GIVEN DATA =
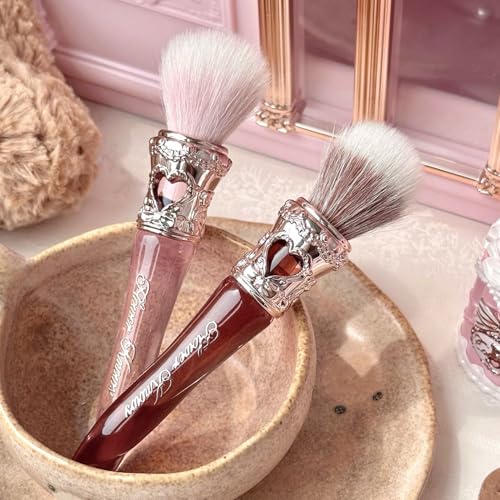 Flower Knows The Sweetie Bear Silk Satin Blush & Brush Set,Talc-Free Rose Pink Powder Blush,Highly Pigmented,Buildable&Blendable,Radiant Cheek Color for a Lively Glow,Gift-Worthy(01 Shimmer Soufflé) - color: 01 Shimmer Soufflé+Brush
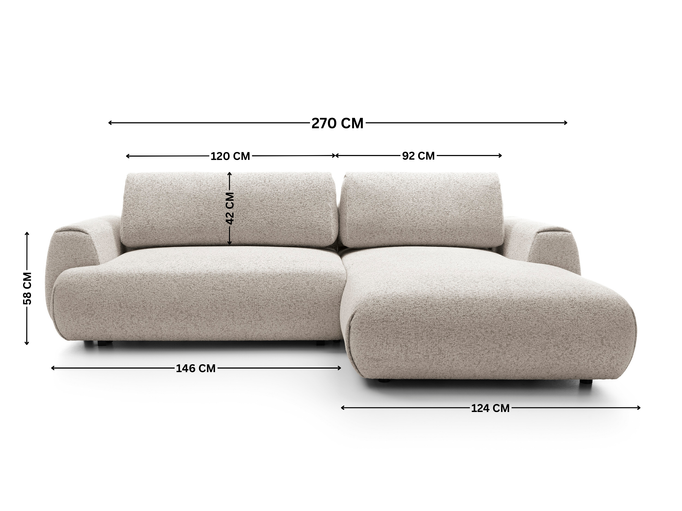 Narożnik VERNIO prawostronny plecionka Puente 09 kamienny beż stone funkcja spania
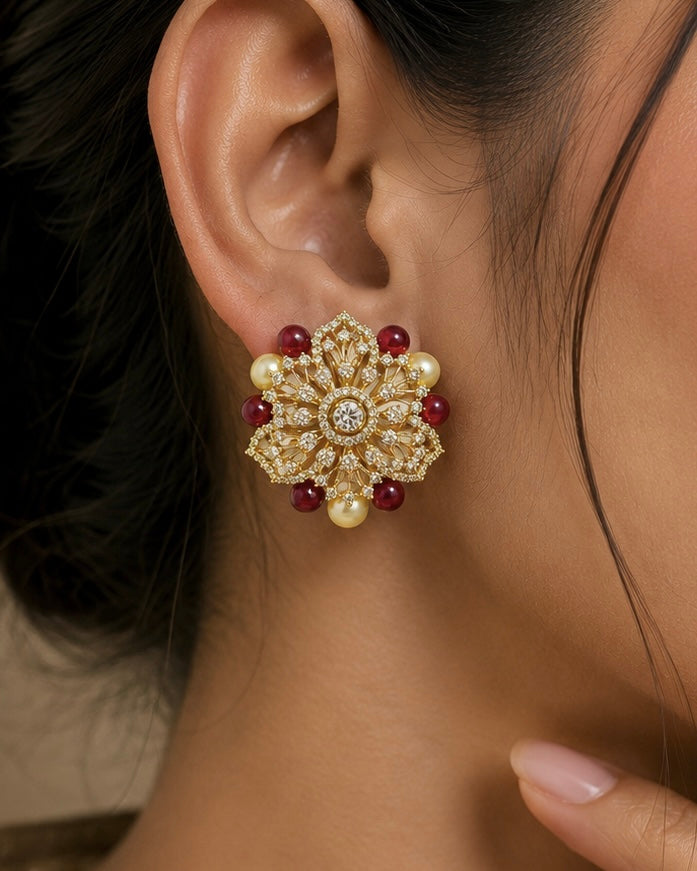 Ruby Kundan Floral Stud Earrings detail view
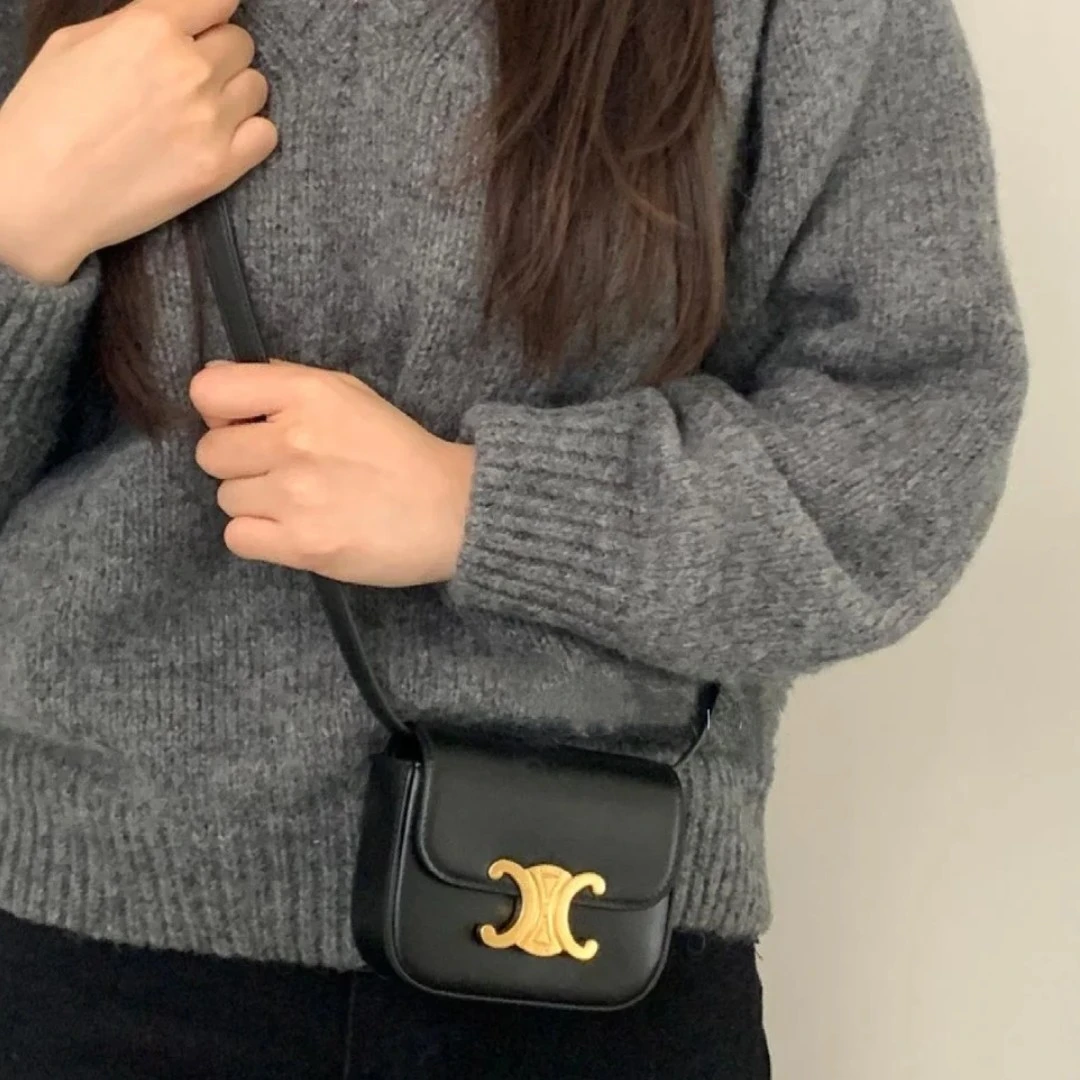 95新 Celine/思琳 2947 黑金mini凯旋门复古时尚百搭斜挎包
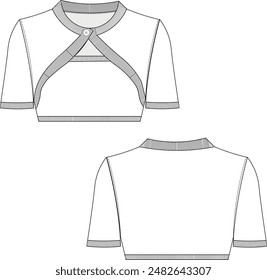 two piece buttoned v neck short sleeve ribbed cuff hem low cut cropped crop blouse top sweater technical drawing flat sketch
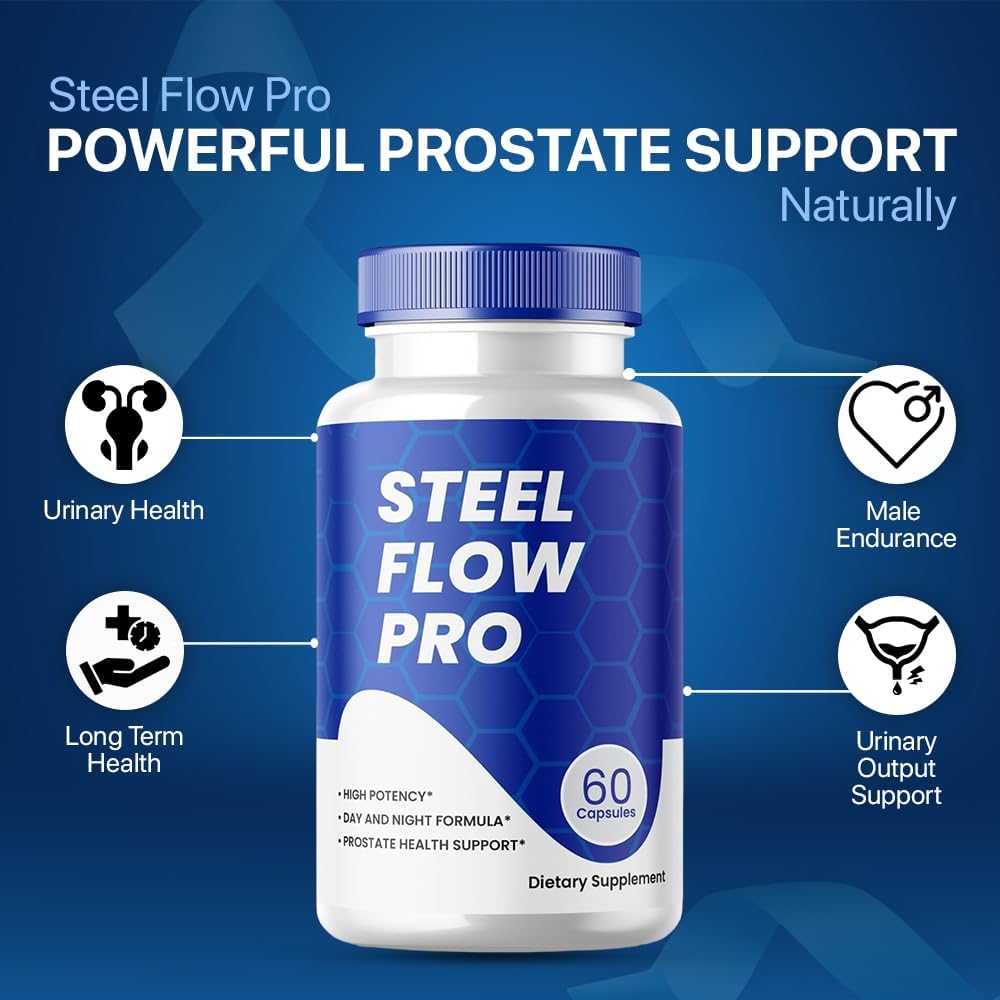 Steel Flow Pro Capsules for Prostate Health - Maximum Strength, Natural Formula, 2 Pack (120 Capsules)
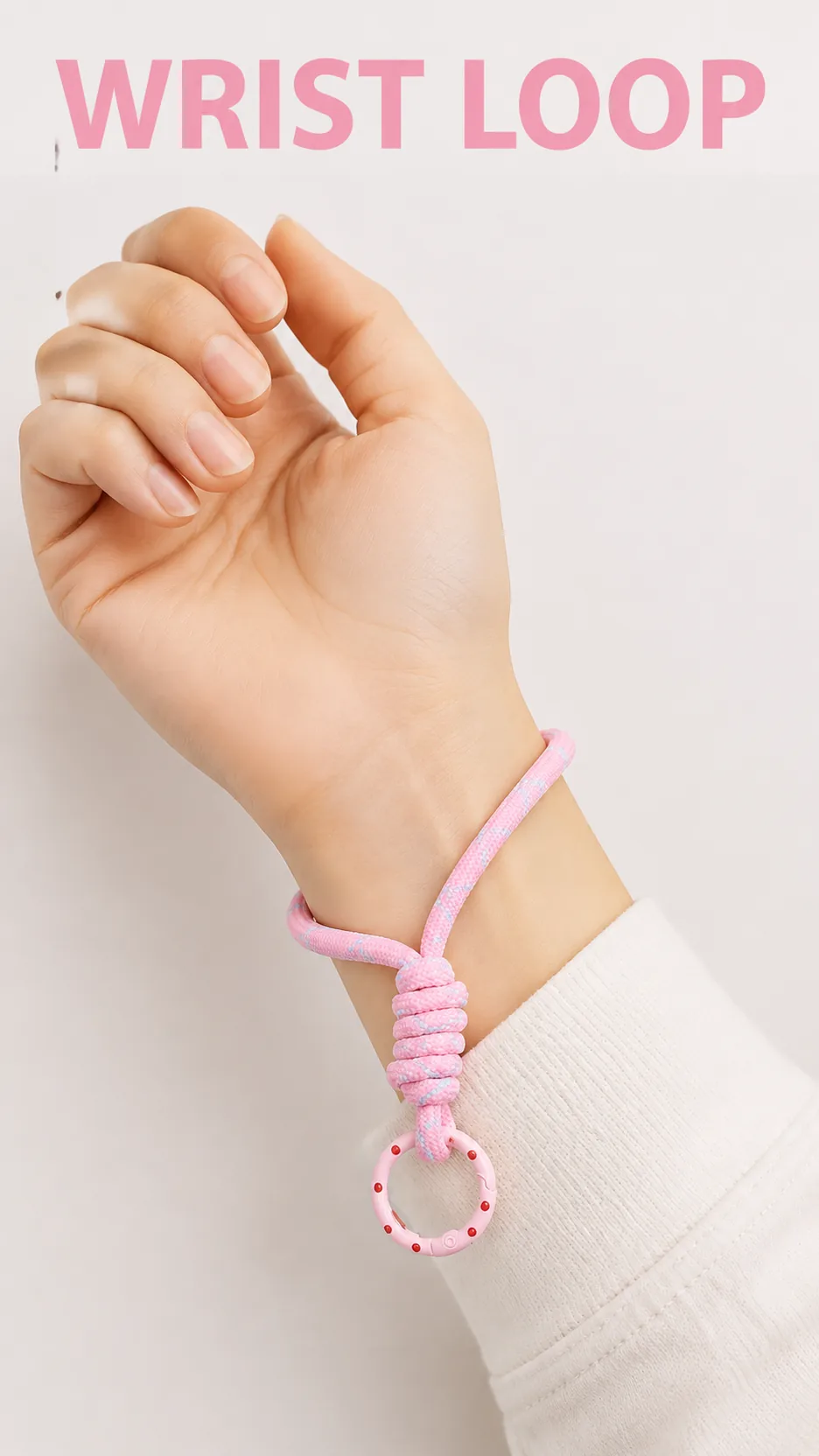 Fashion Braided Wrist Loop Keychain Cord with Spring Ring for DIY Phone Lanyard and Bag Accessories product detail 5
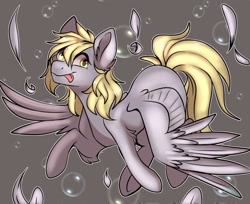 Size: 2048x1669 | Tagged: safe, artist:diethtwoo, derpy hooves, pegasus, pony, g4, :p, bubble, derp, feather, female, gray background, mare, signature, simple background, smiling, solo, tongue out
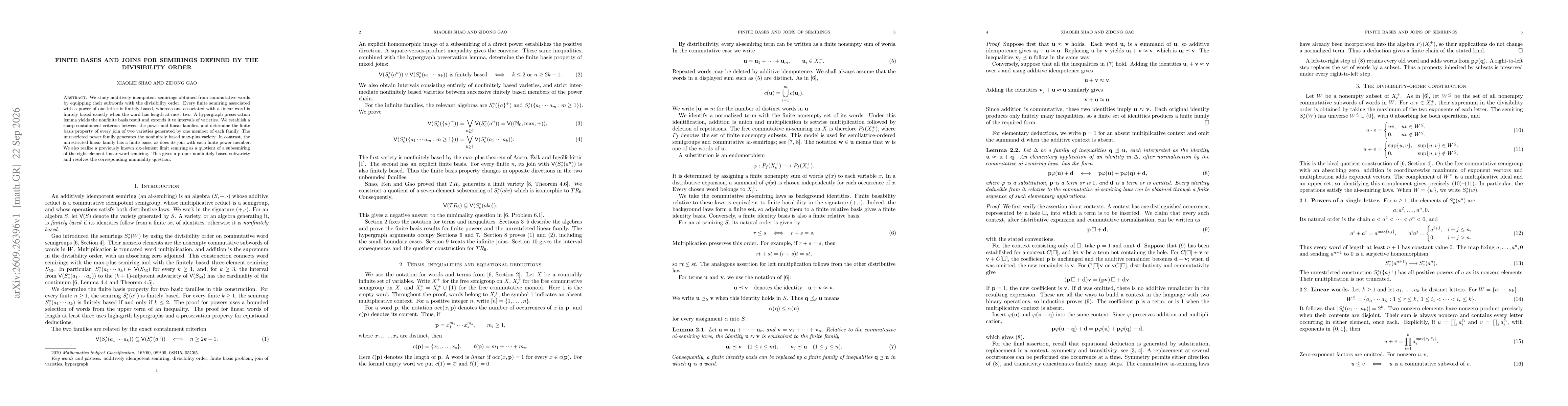 Thumbnail for Finite bases and joins for semirings defined by the divisibility order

WHAT THE TASK ASKS =
Above are the records; please give again, exactly and in full, only the lines that run from the line with "Narożnik VERNIO prawostronny" through the line with "two piece buttoned", with no pictures.

WRITTEN RESPONSE =
 Narożnik VERNIO prawostronny plecionka Puente 09 kamienny beż stone funkcja spania
 Ruby Kundan Floral Stud Earrings detail view
 95新 Celine/思琳 2947 黑金mini凯旋门复古时尚百搭斜挎包
 two piece buttoned v neck short sleeve ribbed cuff hem low cut cropped crop blouse top sweater technical drawing flat sketch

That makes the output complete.